Former patient Archie Mahon joins his brothers Thierry and Geordie at Albury Hospital children's playground. Photos: TruPics

A mega donation of $80,000 from the SS&A has helped replace and upgrade much-needed monitoring equipment for the children’s cancer treatment space at Albury Hospital.

One local family with a child who has been receiving ongoing treatment for a rare form of cancer says local fundraising through the Albury Wodonga Regional Cancer Centre Trust Fund has helped make the treatment journey less challenging.

Archie with parents Dan and Sally, with SS&A Chief Executive Gerard Darmody and President Eddie Dunlop viewing one of the monitors purchased with the donation.

Sally Wildon’s five year old son Archie has had three and a half years of intensive chemotherapy, mostly in Melbourne, and has just finished 12 months of maintenance treatment at Albury Hospital.

One of the features of the equipment funded by the SS&A allows those children receiving treatment who are very sick and unable to fight off bugs, to be placed in isolation, yet remain connected to high-tech monitors, allowing nurses to keep a close eye on them whilst not in the room.

SS&A President Eddie Dunlop and Nurse Unit Manager of Paediatrics Samantha Peet view another monitor funded by the donation.

Sally Wildon says having the latest monitoring technology locally gives families like her peace of mind.

“Archie often would have zero immunity so he would have to be in isolation,” Sally said.

“Children on the ward might be coming in with illnesses such as chest infections and that would kill him, so it’s really important.”

Nurse Unit Manager of Paediatrics Samantha Peet says the upgraded technology makes caring for children much easier and effective.

Archie, all smiles in the playground.

“It is very exciting to have the newest version of the equipment which includes seven monitors that are beside the patients bed, a monitor in the treatment room and a central monitor at the nurses station.

“The new equipment also allows us to transfer the patients data from the ED department and to the ICU department if it is required that the children get moved. This allows for consistent treatment and streamlined care for all our patients.”

Perhaps the greatest benefit of adding new technology to the children’s cancer treatment space is giving families confidence, and an ability to keep families together during challenging times.

Treatment closer to home has been valuable, keeping Archie’s family together.

“When Archie was first diagnosed and was 18 months old we were in Melbourne and they said ‘we’ll try and get you back home’ and I was a bit scared, because locally we couldn’t compare to the ward at the Royal Children’s with their equipment and isolation rooms.

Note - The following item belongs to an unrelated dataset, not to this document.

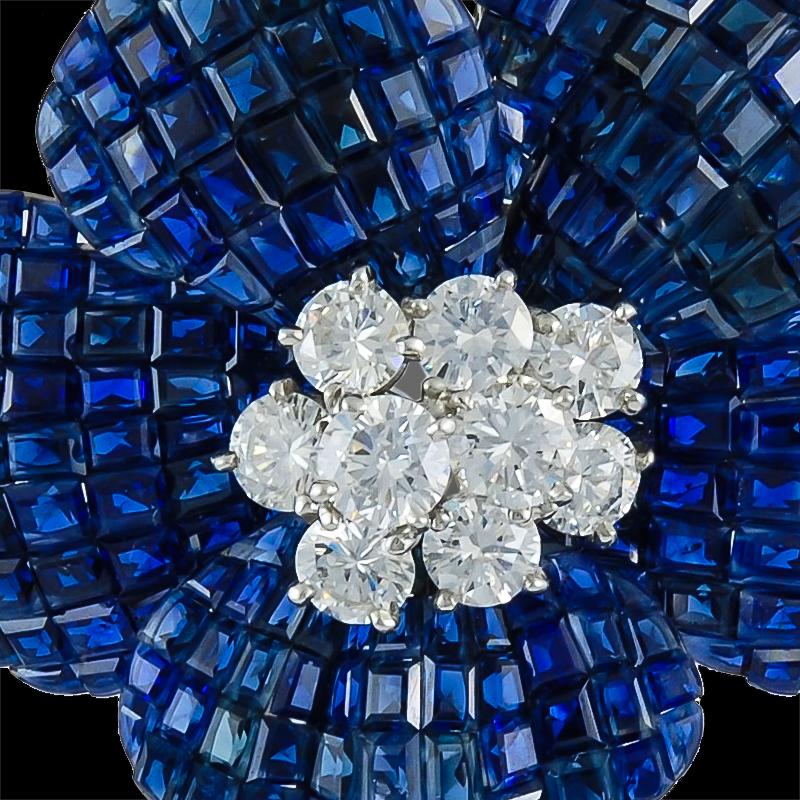 A platinum diamond and mystery-set sapphire flower pin designed as a calibre-cut sapphire flower, centering upon diamond cluster pistil, extending a baguette-cut diamond stem and marquise-cut diamond leaves, exquisitely mounted in platinum.
The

“But we’re getting better and better as we’re getting more funding which is making a huge difference to lots of families. And when do have treatment here, we keep the family together, as we have three other children,” Sally said.

“Anything that we can do to help a family through a very difficult time is of upmost importance,” added Samantha.

“With the support of the SS&A, it ensures that we have state of the art equipment to do this and it also makes the nurses job so much easier when we have equipment that facilitates our care.”